My New Year’s resolution is to make an effort to keep doing this blog which I’ve been a bit slack with over the past year. That and to do a bit of painting again! (…and exercise more …and lose weight of course!)
The last time I visited Portloe (which is actually one of the closest coastal villages to my house) was back in the days B.C. (before children) when Claire and I used to spoil ourselves with short stays in posh hotels! We stayed at The Lugger in Portloe for a night and had a superb dinner with too much to drink! It was lovely to return today 10 or so years later, older and arguably (a bit) wiser to look again and see what’s there. We parked in the public car park in the village and walked down to the sheltered little inlet where a couple of open day boats are winched clear of the water onto a concrete slip. There are lobster pots here and there in neat stacks that look like they’ve been placed for the tourist charm but are really the tools of the trade for some very hardy local lobster and crab fishermen who work from the little harbour year round.
The slip is littered with crab claws and star fish, spare bits from the lobster pots discarded by the fishermen. We looked around the harbour and there’s an intriguing tunnel which is visible through a locked barred gate and appears to go right though the cliff. Whatever the purpose I’ve decided its for smugglers and pirates. You can see light at the other end and what looks like a door out to the sea! We took the path up out of the harbour and around the cliff in the direction of Nare Head and Portscatho meeting energetic walkers as we puffed our way up the hill and around the cliff panting out “Happy New Year” as we passed.

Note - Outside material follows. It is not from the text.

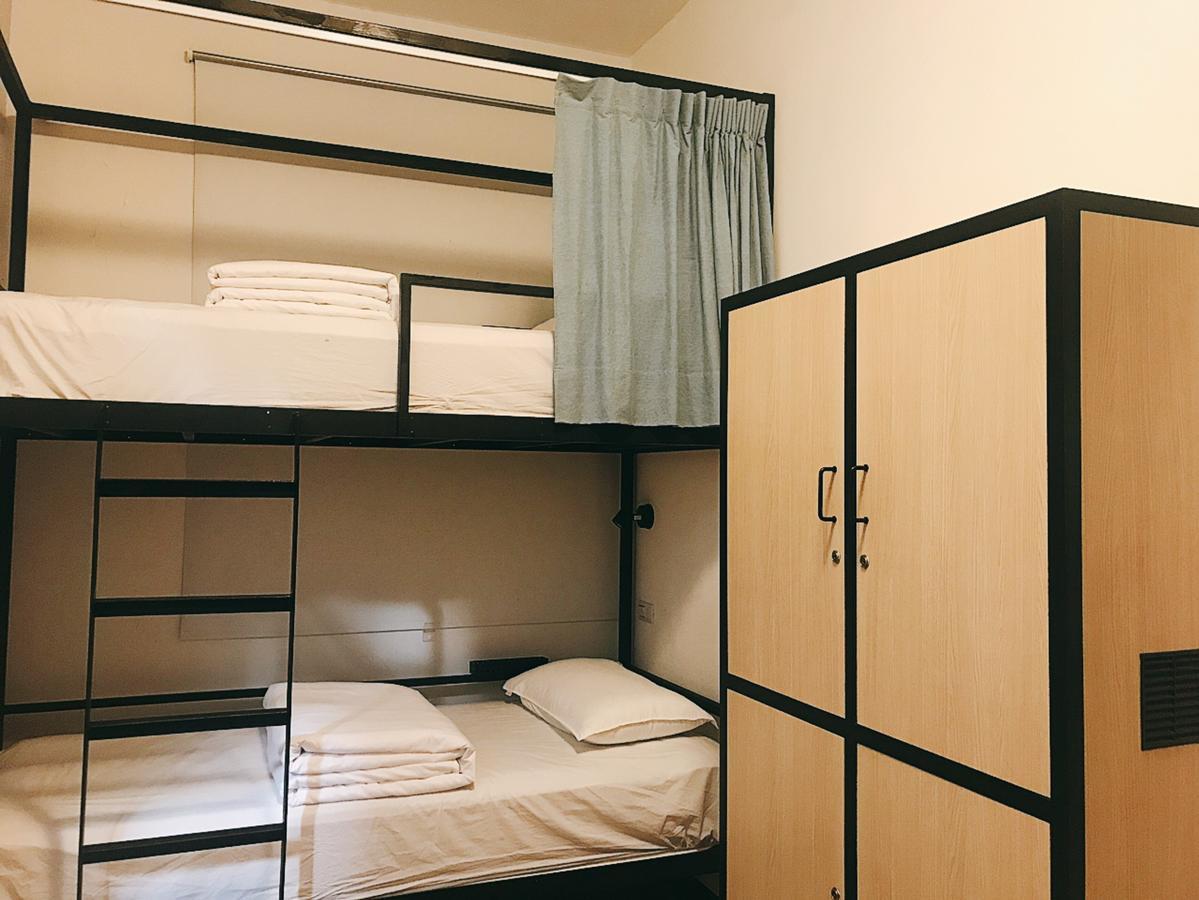 No. 55 Hostel Nangan Buitenkant foto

What’s great about these cliff walks is the element of surprise as you round a bend to be greeted by an epic view and it’s not just that you see sea. It’s the height, the scale, the lack of a fence between you and the 100ft drop of certain doom. Today was grey and the wind was light and although the colours were subdued winter tones of the first day of January, the more you looked the more you saw.
There were plenty of flowers including fierce yellow gorse and electric pink campions but the show stealer has to be the deep green of the sea at the base of the cliffs. In the shadow of the headlands the water is deep and clear and veridian green.
As we made our way along the coast path we stopped for a while to watch a small bird of prey (possibly a kestrel?) and then heard voices in the distance. We looked down across the bay and could just make out a naked person coming out of the water from a New Years skinny dip egged on by friends. It was like a scene from a period drama, which was funny really as we walked a bit further and stumbled upon the house from The Camomile Lawn which is evidently a B&B. Broom Parc is the house and is a grand property standing completely alone facing the ocean. I never watched the TV series but see it’s on Youtube so will have a go some time now I’ve seen where its set.
From Broom Parc we took the footpath inland and followed the lane back to Portloe which is a much shorter route than the cliff path. We were an hour too late to grab a drink at The Ship (which had closed at 3pm for New Years Day) but admired their specials board for tomorrow which charmingly states that “tomorrow’s menu is still in the sea”.